■ **EXERCISE OBJECTIVE**
Could you set down exactly the lines of the data below, starting at the one that holds "area = 300m2" and ending at the one that holds "ileum = absorption of nutrients & water", both included, and only those?

■ **GIVEN RECORDS**
##############################
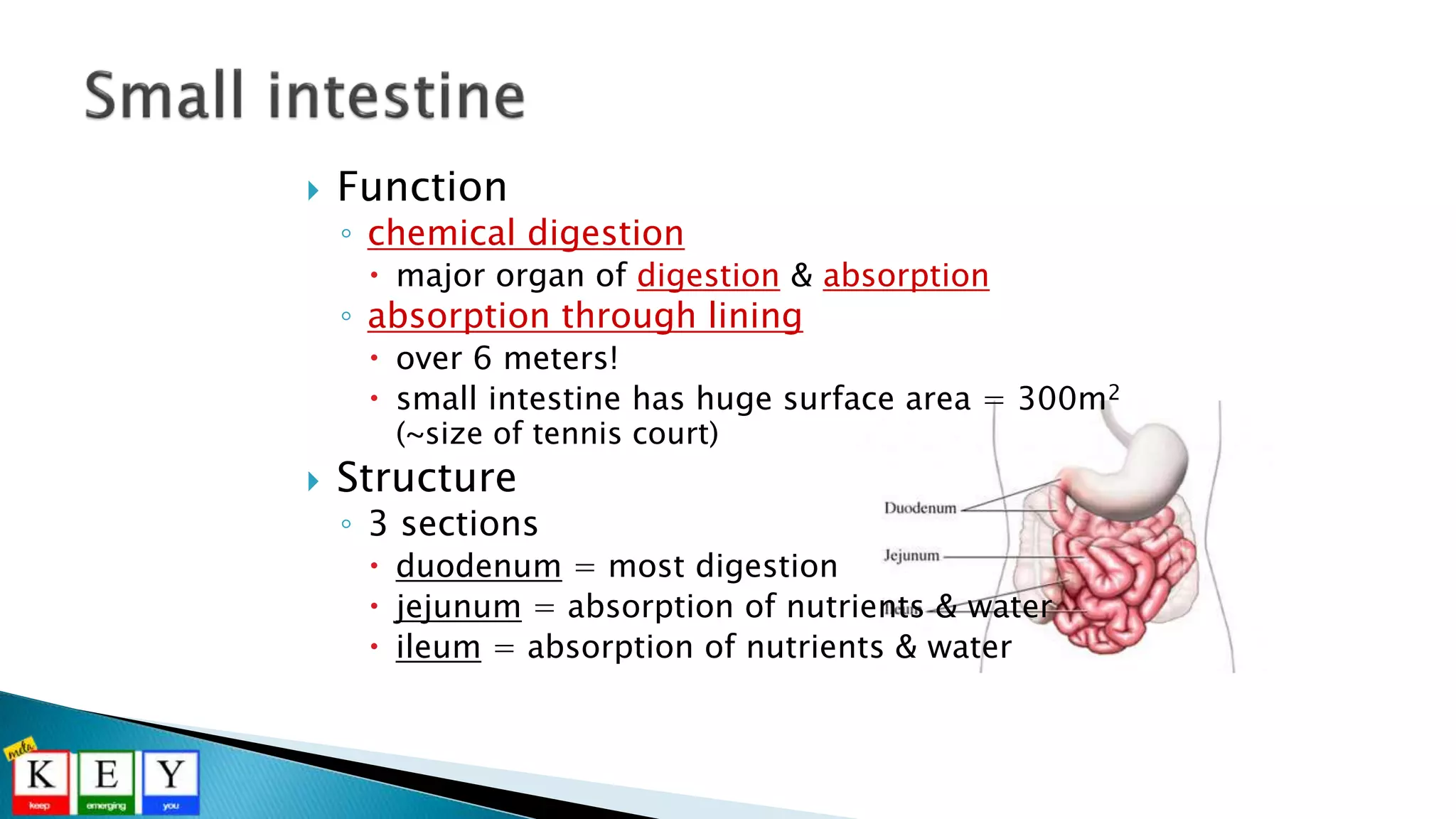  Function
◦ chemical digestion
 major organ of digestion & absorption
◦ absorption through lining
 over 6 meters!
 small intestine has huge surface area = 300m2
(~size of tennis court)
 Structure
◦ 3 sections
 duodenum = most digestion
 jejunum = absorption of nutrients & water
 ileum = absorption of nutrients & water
##############################
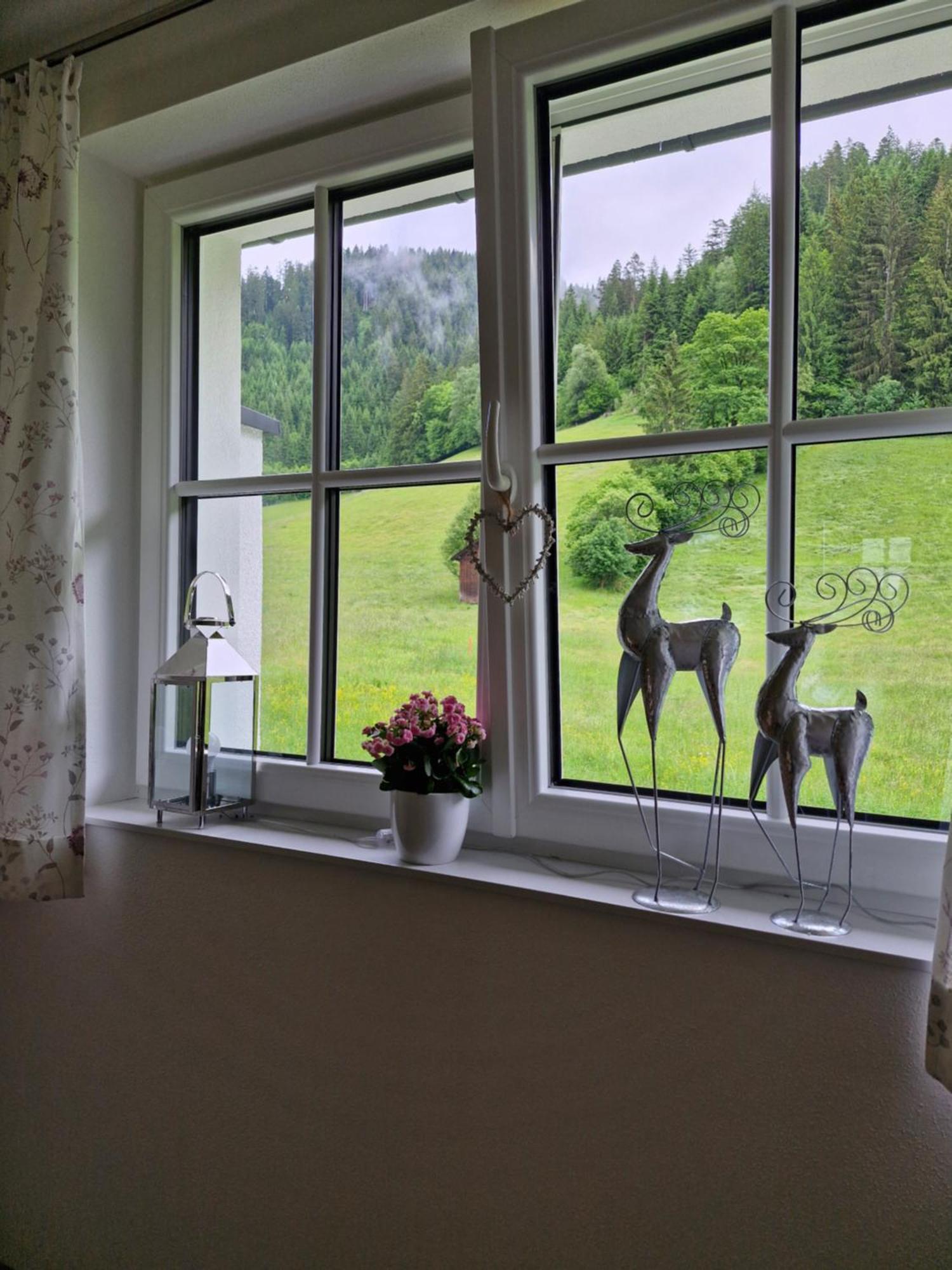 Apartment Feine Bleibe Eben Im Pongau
##############################
■ **FINISHED EXERCISE**
 small intestine has huge surface area = 300m2
(~size of tennis court)
 Structure
◦ 3 sections
 duodenum = most digestion
 jejunum = absorption of nutrients & water
 ileum = absorption of nutrients & water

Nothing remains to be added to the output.